- Experts call sexual addiction “compulsive sexual behavior disorder.”
- Chemical imbalances are among the causes of sexual addiction.
- Psychotherapy is a first-line treatment for compulsive sexual behavior.
- Some people benefit from medication, such as antidepressants.
- The goal of treatment for sexual addiction is not to stop having sex altogether but to go back to a safe expression of sexuality.
Sex is a wonderful thing, but for some people, it can become an addiction. An estimated three to six percent of the population struggle with compulsive sexual behaviors. Understanding the causes of sexual addiction is key to finding the right treatment.
What Is Sexual Addiction?
Scientists are still deep in discussion as to what sexual addiction is (and whether it even exists). Many doctors prefer to use the term compulsive sexual behaviors. For them, this is more of an impulse control problem than a typical addiction.
According to the World Health Organisation, compulsive sexual behavior disorder is a “persistent pattern of failure to control intense, repetitive sexual impulses or urges resulting in repetitive sexual behaviour.”
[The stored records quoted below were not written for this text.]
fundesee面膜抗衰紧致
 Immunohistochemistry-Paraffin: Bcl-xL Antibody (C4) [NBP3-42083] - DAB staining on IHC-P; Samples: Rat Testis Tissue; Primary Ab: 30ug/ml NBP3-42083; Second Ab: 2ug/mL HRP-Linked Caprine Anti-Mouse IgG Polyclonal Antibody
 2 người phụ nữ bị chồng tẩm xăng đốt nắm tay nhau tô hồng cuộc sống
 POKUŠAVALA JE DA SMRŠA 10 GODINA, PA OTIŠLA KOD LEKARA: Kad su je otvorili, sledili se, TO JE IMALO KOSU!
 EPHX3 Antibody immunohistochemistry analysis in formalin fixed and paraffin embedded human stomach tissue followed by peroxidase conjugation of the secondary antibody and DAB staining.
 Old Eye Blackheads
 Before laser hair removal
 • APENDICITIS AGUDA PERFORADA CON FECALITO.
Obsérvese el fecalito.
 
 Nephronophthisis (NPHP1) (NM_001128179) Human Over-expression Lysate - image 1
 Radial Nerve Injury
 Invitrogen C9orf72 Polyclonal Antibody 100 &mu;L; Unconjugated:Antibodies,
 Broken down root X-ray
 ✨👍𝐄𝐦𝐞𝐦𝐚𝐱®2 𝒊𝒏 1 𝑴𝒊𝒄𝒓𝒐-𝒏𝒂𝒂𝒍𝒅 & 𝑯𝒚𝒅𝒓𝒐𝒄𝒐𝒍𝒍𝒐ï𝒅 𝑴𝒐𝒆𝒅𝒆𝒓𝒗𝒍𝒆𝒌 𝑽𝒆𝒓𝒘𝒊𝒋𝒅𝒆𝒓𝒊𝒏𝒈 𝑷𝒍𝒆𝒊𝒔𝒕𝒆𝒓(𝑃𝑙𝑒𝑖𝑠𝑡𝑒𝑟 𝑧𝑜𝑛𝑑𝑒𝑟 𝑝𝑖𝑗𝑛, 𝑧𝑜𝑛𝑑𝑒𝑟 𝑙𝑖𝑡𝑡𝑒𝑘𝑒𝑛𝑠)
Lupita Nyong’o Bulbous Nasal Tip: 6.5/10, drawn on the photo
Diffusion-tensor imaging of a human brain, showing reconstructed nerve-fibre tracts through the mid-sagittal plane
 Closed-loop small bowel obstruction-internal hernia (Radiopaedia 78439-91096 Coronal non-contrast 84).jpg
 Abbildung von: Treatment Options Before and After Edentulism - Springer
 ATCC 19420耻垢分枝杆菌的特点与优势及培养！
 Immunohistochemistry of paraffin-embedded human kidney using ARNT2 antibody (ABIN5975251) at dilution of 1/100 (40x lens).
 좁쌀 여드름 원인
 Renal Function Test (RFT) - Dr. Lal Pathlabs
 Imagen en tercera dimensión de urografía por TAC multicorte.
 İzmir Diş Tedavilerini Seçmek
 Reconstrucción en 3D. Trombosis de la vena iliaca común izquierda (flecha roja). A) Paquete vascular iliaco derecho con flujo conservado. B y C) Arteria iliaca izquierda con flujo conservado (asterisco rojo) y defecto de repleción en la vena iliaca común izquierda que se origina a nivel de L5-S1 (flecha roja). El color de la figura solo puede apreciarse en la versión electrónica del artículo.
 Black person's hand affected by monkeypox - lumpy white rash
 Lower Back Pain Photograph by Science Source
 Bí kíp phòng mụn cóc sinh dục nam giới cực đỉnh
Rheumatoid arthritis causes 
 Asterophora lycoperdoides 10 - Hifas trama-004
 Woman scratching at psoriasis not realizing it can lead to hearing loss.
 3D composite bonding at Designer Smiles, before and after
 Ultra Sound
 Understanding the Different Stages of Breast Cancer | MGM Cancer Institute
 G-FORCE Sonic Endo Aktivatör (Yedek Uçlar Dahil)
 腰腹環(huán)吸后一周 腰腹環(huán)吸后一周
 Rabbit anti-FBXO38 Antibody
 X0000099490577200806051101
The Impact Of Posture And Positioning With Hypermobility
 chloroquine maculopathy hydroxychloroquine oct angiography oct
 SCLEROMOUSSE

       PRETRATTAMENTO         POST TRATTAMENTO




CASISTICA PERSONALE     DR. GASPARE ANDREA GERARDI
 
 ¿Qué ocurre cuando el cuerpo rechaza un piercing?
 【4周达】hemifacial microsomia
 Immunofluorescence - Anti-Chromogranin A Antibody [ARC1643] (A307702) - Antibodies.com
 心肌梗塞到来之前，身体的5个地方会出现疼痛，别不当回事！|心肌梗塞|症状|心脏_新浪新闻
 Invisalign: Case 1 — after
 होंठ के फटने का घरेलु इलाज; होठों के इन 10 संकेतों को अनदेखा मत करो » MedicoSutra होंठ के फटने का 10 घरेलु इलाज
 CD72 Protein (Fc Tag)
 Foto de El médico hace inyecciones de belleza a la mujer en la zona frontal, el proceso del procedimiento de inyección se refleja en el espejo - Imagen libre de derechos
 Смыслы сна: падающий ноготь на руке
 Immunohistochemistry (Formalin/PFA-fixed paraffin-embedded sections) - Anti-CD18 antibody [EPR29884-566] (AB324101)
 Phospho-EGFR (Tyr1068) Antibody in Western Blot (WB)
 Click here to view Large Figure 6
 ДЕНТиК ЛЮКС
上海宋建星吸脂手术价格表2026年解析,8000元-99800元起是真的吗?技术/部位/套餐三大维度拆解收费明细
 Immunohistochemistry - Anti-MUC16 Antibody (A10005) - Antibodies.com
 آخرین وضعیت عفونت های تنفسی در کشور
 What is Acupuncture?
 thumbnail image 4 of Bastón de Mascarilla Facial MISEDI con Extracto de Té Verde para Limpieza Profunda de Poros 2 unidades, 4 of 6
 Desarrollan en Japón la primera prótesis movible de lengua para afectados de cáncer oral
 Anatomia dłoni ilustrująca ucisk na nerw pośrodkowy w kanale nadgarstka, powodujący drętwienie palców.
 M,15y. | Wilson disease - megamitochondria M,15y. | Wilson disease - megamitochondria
The therapeutic community is cautious about labeling sexual activity as negative. Some experts claim you can’t be addicted to an overall positive and natural thing such as sex. Despite these differences of opinion, therapists see clients who struggle to control their sexual urges.
Causes of Sexual Addiction
Why do some people develop out-of-control sexual behaviors while others don’t? Let’s explore some of the possible answers.
Our mood and behavior depend on the delicate balance of chemical substances circulating in our bodies. One theory that’s been tested on men suggests that higher levels of oxytocin (known as the love hormone) could be behind hypersexual behavior.
It’s also possible that neurotransmitters, especially serotonin, dopamine, and norepinephrine, play a role in compulsive sexual behavior. These substances are the drivers of desire, and an imbalance could reduce sexual inhibition to an unhealthy level.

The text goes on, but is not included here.